Thursday 14 April 2016

The Missing Ingredient

In this part of the module I have learned ethics for the finance professional. This subject is relevant for myself in three areas which is why I am really interested in it. Firstly, over the past 6 months, I have been writing a dissertation on how there is hope that new audit regulation will improve audit quality and I have looked into accounting scandals and what it means to be ethical in the audit profession. Secondly, I am going to be an auditor (far flung from when I wanted to be a fireman when I was a child) when I leave university, so I need to understand that ethics are really important. And finally, in semester 1 of this year, we learnt about ethics and normative ethical theories (Kant, Rand etc) and it is interesting to be able to apply that thinking to real case studies.

I myself have been aware of a lot of ethical scandals and news reports over the past few years and further into the past which really bring to light a couple of things. After each scandal, new regulation is passed to stop it from happening again (but it always does) and that business leaders are not learning from past mistakes. I have noted a few scandals below:


In the table above, you can see that scandals will happen, then a series of regulation will be passed, then it will happen again. This will continue to go like this probably forever. I did some investigation and it was clear to see what I am talking about. So, in 2001 (Enron) and 2002 (Worldcom) scandals happened, then the Sarbanes-Oxley (SOX) Act 2002 was passed. Then in 2010 (Lehman Brothers), the financial crisis was happening, more regulation e.g. Financial Services Act (FSA), and then a few years later we have more scandals. When will it stop?

Many columnists and accounting professionals who look into scandals report that scandals are still increasing year-on-year, with one saying that there was an increase of 46% in account fraud from 2013 to 2014. This is worrying because new regulation such as SOX was passed to try and protect stakeholders from accounting errors and fraud. I would like to ask a question to whether any regulation could be passed to stop it? or will businesses just try and find new loopholes?
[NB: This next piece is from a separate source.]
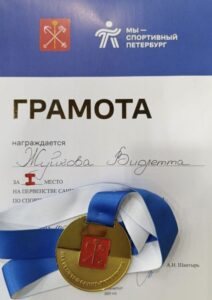 Начало года с Золота! Пост гордости!💥 Начало года с Золота! Пост гордости!💥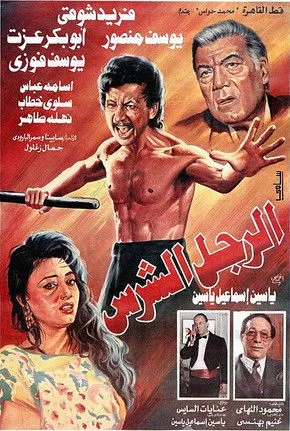 Póster de الرجل الشرس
What I found when doing my dissertation and which I have also learned from the lectures is that there are certain reasons to why accounting scandals happen between businesses and financial professionals. I have learned about the PIPCO acronym (Professional Behaviour, Integrity, Professional Competence, Confidentiality and Objectivity) which shows a few reasons (I am sure there are more) why finance professionals may fail their duty. The one thing I find when conducting my research was that Objectivity was the main reason into why finance professionals did a poor job. If they become to familiar with the client (known as lack of independence, such as going on holiday together or being 'mates' at the pub) then they are more likely to let things'slide' as it is said. I do believe that this is the biggest risk and probably the reason why a lot of scandals happen. 

For example, I read an article about how Arthur Andersen auditors of Enron were treated 'as if they were employees of Enron' and they were invited to company picnics and so on. If this is not a lack of independence then I do not know what it; and we all know how that turned out.

My belief is that being ethical in your role as a finance professional is the most important factor in being successful, and not about how much money you earn or how big your bonus is. If you cannot be ethical, you may be jepardising someones pension or rainy day fund which could cause a lot of harm and unhappiness. In relation to ethics being the missing ingredient, I think that the finance professional (a minority rather than a majority) sometimes misses thinking about ethical considerations.

One final note that I was really interested in when listening to this lecture was a question the lecturer mentioned was "should white collar crime be punished as harshly as murder?". This was interested and provoked a lot of thought because of a video of Dennis Kozlowski (former Tyco CEO) who for his crime may be in prison for 25 years (longer than some murderers). My thoughts to the question are that murders should obviously face more time in prison, but white collar crime can hurt people in different ways and can cause a lifetime a distress and suffering for some people, so definitely should be treated more harshly than it currently is. I feel CEOs of these companies are not put off because they see the rewards (bonus etc) outweighing the risk (prison).